We can begin by evaluating some derivatives to get an idea of what to look for.
\[\begin{align}&{d\over dx}(x^k-1)^{-1}=-(x^k-1)^{-2}\cdot kx^{k-1}\\& {d^2\over dx^2}(x^k-1)^{-1}=2(x^k-1)^{-3}\cdot(kx^{k-1})^2 -(x^k-1)^{-2}\cdot k(k-1)x^{k-2}\\& =(x^k-1)^{-3}\left(2(kx^{k-1})^2-(x^k-1)\cdot k(k-1)x^{k-2}\right) =(x^k-1)^{-3}P_2(x) \end{align}\]Then the 3rd derivative will look like this. We do not need to fully compute \(P_3(x)\).

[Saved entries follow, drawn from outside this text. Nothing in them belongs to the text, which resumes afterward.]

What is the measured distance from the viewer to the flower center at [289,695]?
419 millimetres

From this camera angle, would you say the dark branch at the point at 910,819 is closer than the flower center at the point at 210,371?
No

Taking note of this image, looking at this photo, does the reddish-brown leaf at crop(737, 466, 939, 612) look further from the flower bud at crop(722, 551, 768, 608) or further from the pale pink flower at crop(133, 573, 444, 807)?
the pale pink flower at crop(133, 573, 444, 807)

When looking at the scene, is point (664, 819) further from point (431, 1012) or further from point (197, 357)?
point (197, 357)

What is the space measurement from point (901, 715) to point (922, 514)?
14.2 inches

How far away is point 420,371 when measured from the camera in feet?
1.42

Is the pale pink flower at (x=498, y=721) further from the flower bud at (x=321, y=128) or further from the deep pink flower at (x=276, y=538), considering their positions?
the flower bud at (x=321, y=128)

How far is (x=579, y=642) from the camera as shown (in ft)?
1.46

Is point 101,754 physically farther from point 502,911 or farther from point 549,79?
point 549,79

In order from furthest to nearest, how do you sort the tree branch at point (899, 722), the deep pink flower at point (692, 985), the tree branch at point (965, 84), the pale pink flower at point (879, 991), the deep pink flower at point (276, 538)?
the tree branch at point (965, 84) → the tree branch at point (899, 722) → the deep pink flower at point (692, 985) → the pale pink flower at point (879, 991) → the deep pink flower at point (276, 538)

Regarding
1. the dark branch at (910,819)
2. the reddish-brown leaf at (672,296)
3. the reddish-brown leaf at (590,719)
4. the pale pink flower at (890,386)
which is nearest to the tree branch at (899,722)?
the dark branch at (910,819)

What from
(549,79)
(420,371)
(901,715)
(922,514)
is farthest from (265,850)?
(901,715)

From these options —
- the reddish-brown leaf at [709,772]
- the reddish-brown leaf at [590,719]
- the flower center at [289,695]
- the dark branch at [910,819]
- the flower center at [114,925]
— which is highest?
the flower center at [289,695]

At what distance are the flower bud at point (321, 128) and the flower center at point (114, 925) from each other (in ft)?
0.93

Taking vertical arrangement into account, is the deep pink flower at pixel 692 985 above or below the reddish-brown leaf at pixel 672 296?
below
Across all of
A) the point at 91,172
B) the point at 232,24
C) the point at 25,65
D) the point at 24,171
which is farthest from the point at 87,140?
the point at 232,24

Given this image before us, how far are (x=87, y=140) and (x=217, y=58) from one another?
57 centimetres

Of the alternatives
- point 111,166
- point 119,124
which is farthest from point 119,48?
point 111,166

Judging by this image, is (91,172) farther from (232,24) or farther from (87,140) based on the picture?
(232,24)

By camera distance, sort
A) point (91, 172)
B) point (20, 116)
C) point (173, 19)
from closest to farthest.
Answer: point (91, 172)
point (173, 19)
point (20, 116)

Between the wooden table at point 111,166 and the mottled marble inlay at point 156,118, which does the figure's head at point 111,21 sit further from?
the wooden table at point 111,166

\[\begin{align}&{d^3\over dx^3}(x^k-1)^{-1}={d\over dx} (x^k-1)^{-3}P_2(x)=-3(x^k-1)^{-4}kx^{k-1}P_2(x) +(x^k-1)^{-3}P_2'(x)\\& (x^k-1)^{-4}\left(-3kx^{k-1}P_2(x)+(x^k-1)P_2'(x)\right)=(x^k-1)^{-4}P_3(x) \end{align}\]Since \(x^k-1=0\) when we put in \(x=1\), the value of \(P_2'\) is not needed. We find that \(P_3(1)=-3kP_2(1)\). This suggests the general formula \(P_n(x)=(-1)^nn!k^n\), which we can prove by induction. When \(n=0\), then \(P_0(1)=1\) so the base case is true. Now assume \(P_n(x)=(-1)^nn!k^n\) and compute the derivative.

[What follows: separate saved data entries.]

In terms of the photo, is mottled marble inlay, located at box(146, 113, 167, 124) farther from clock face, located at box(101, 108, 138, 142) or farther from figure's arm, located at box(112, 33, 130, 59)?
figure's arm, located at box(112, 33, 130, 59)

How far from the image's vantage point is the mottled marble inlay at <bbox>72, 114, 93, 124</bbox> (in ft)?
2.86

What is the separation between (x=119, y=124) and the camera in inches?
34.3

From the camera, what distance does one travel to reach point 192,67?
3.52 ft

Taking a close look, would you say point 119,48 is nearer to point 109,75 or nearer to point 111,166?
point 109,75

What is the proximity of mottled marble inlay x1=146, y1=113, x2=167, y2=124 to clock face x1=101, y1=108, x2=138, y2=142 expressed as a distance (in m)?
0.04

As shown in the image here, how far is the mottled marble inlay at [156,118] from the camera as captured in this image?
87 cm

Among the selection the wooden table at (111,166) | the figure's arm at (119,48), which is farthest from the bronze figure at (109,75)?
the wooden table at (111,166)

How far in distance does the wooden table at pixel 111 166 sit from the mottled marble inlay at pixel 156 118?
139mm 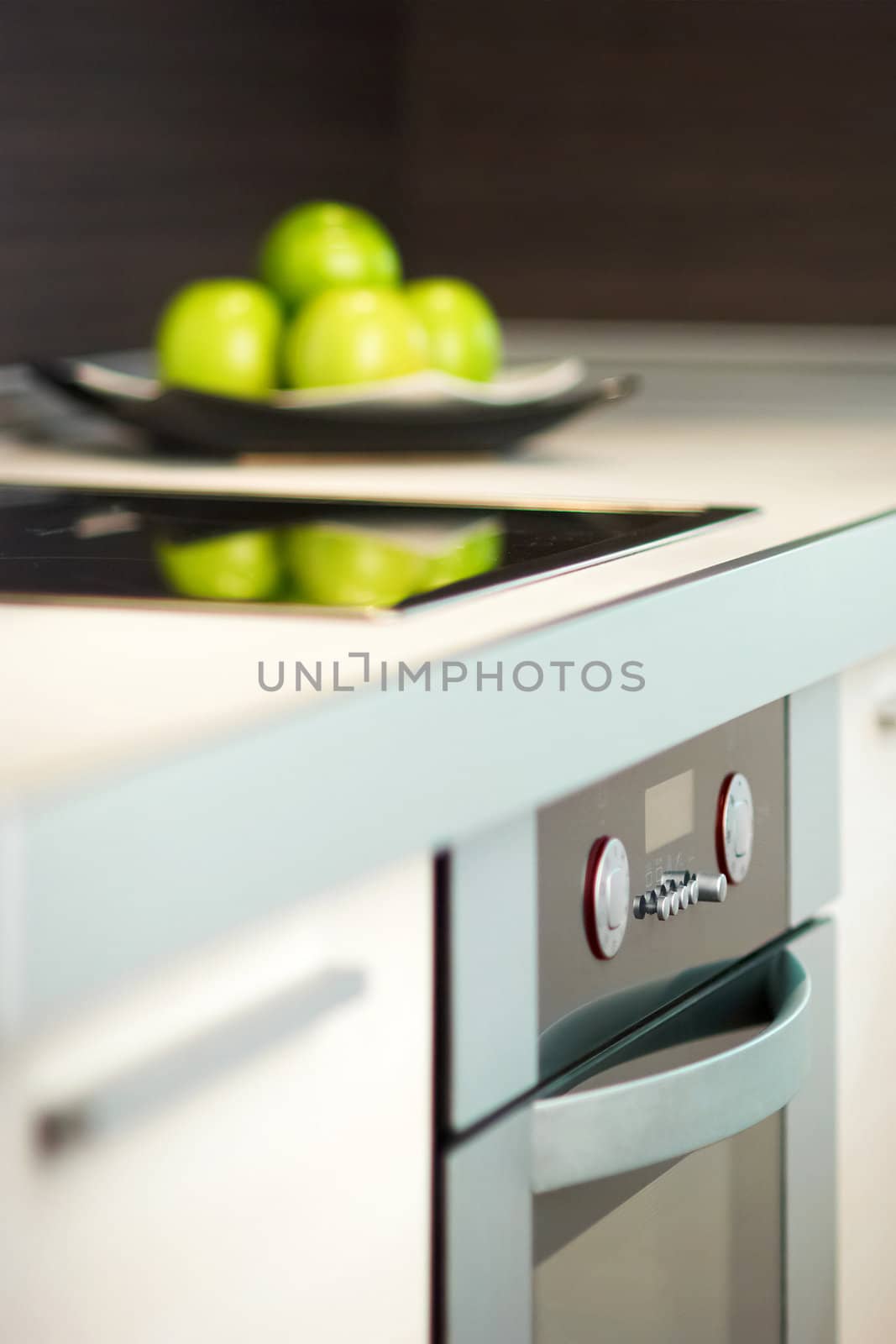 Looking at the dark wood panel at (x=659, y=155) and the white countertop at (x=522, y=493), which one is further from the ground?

\[\begin{align}&{d^{n+1}\over dx^{n+1}}(x^k-1)^{-1} ={d\over dx}(x^k-1)^{-(n+1)}P_n(x)\\& =-(n+1)(x^k-1)^{-(n+2)}kx^{k-1}P_n(x)+(x^k-1)^{-(n+1)}P_n'(x)\\& =(x^k-1)^{-(n+2)}\left(-(n+1)kx^{k-1}P_n(x)+(x^k-1)P_n'(x)\right) \end{align}\]The new polynomial is \(P_{n+1}(x)=-(n+1)kx^{k-1}P_n(x)+(x^k-1)P_n'(x)\) and \(P_{n+1}(1)=-(n+1)kP_n(1)=-(n+1)k\cdot(-1)^nn!k^n=(-1)^{n+1}(n+1)!k^{n+1}\) which completes the proof.